On Mon, Feb 08, 2010 at 10:01:03PM +0100, Emanuel Rumpf wrote:
Actually OpenCL seems to already be supported, (in new
hardware only ?),
by the large graphic players:
http://www.nvidia.com/object/cuda_opencl.html (there's a lot of docu
here too !)
http://developer.amd.com/gpu/atistreamsdk/pages/default.aspx
http://www.khronos.org/opencl/
I am aware of Nvidia and ATI binary drivers supporting OpenCL. What I
do not see is an ability to run this using the Nouvou, the RadeonHD xorg
driver, the intel xorg driver, or as SSE optimized software only.
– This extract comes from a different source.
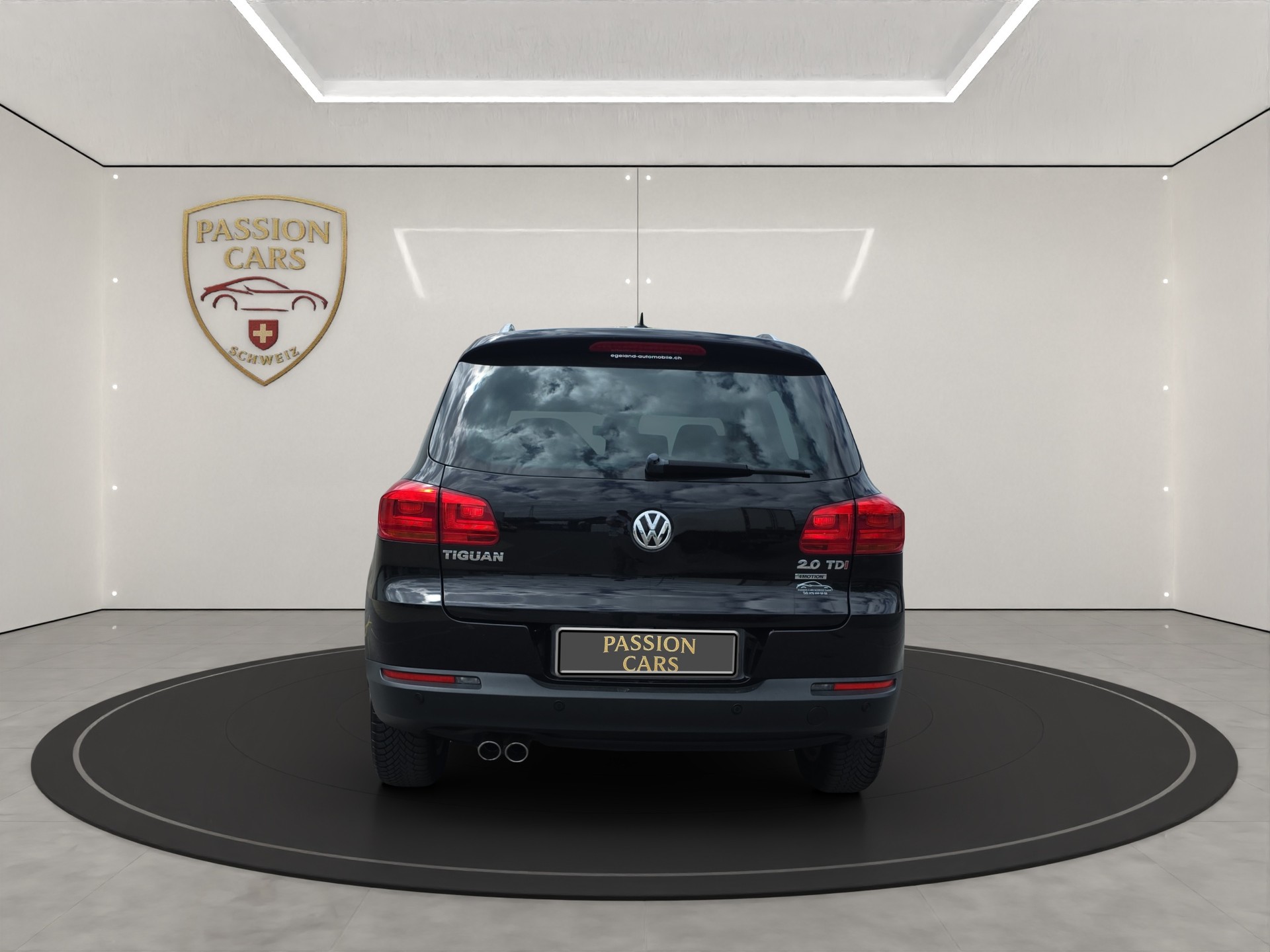 VW Tiguan 2.0 TDI BlueMotion Sport&Style 4Motion DSG-image-3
If OpenCL DSP code would run on my desktop using CPUs only, faster than
a reasonable C implementation using primitives would run, then I'd
suggest it is ready for people to start using without holding out for
open source driver support. I don't think that we are close enough to
say that we will be there in 6-12 months yet though. If I am mistaken
about the state of the Khronos reference implementation or the clang
implementation, I'd love to see a demo prove me wrong.
There's also the "CT Technology" from
Intel (aquired from RapidMind),
which is claimed to be easier to code and less hardware-dependant than OpenCL.
http://software.intel.com/en-us/data-parallel/
http://software.intel.com/sites/products/collateral/hpc/ct/ct_newsletter110…
I am passingly aware of them, but as long as there is not an open
language specification, and an open implementation, I don't think they
are a real answer either.
however, I
don't believe that the OpenCL language is as nice or easy to
use as Cuda. ?Is there any work on an open source clone of Cuda?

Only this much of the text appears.